The data point to a clear pattern: the female voice consistently demonstrated expertise and knowledge and the male voice controlled the flow and direction of the conversation. This mirrors a disturbingly common pattern in professional settings where women’s expertise is present but their voices are often managed by male colleagues.
Caveats
There are a few huge warnings here. First, this is a very limited, quick investigation. Before making any solid conclusions, a more careful experiment needs to be done. One thing about my test is that four of the five topics were pretty technical and used academic sources for the notebook’s resource base. The stress notebook was less technical and was based on non-academic resources. It would be interesting to vary the topics and resources more systematically and see if patterns emerge.
A bigger caveat comes from the fact that I used AI to evaluate the transcripts. Since these may have (OK, do have) their own biases, the results could be biased. Interestingly, the bias could go in either direction. The AI evaluations might be more or less sensitive to differences, depending on how the models were trained and what bias guardrails might be in place. Human evaluators may see things very differently.

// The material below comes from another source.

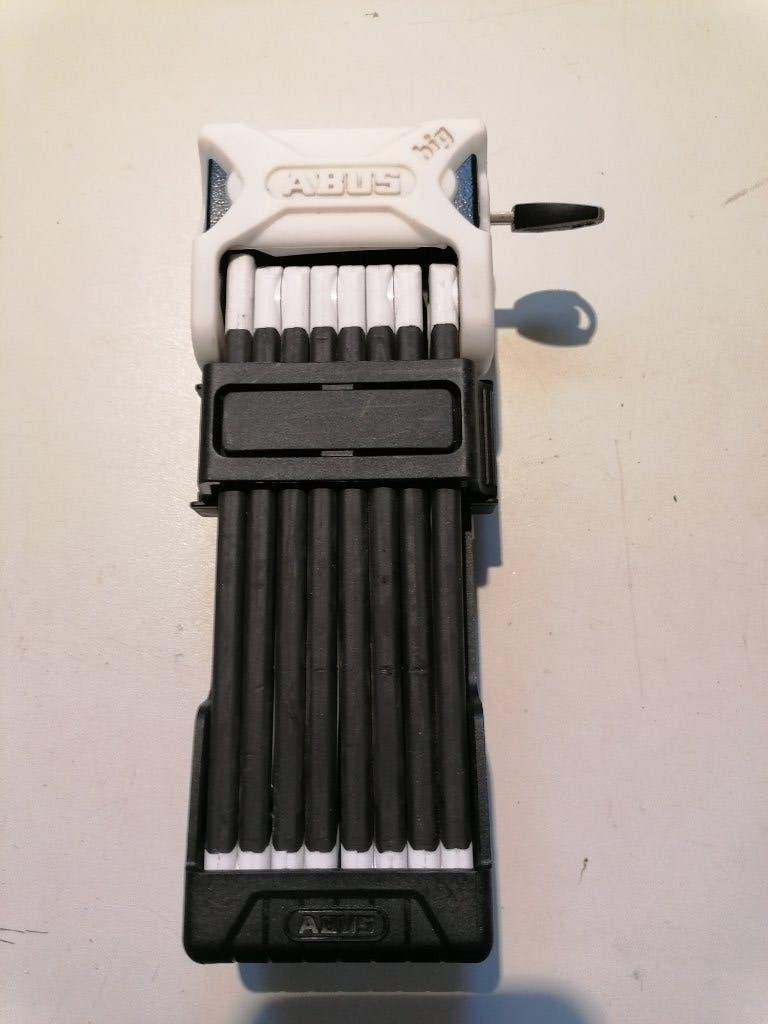 Cadenas ABUS pliable Big 6000 blanc avec support sur cadre, Vélos & Vélomoteurs, Enlèvement ou Envoi, Comme neuf, Cadenas en U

I’m going to post the audio of the conversations to Substack in the next few days. If you want to check them out for yourself, be sure to subscribe (it’s free and I won’t spam you). Also, I’m thinking about writing an article with more details about the results, including the rationales each AI tool gave for their evaluations.
Conclusions
The pattern in my findings suggests that Notebook LM may have inherited gender-biased interaction patterns from its training data. Although we need to be careful about drawing strong conclusions from limited data, these results highlight how subtle forms of bias can manifest in AI systems - not through obvious discrimination, but through nuanced interaction patterns that mirror problematic societal dynamics. As AI systems get better at mimicking humans, we may be replicating not just our intelligence, but also our biases.
As AI voices become more prevalent in our daily lives, identifying and addressing these patterns becomes increasingly important. I'm continuing to investigate bias in AI, and I'll share more findings as this work develops. In the meantime, I encourage others to listen critically to AI-generated conversations and consider what unconscious biases might be hiding in plain sight.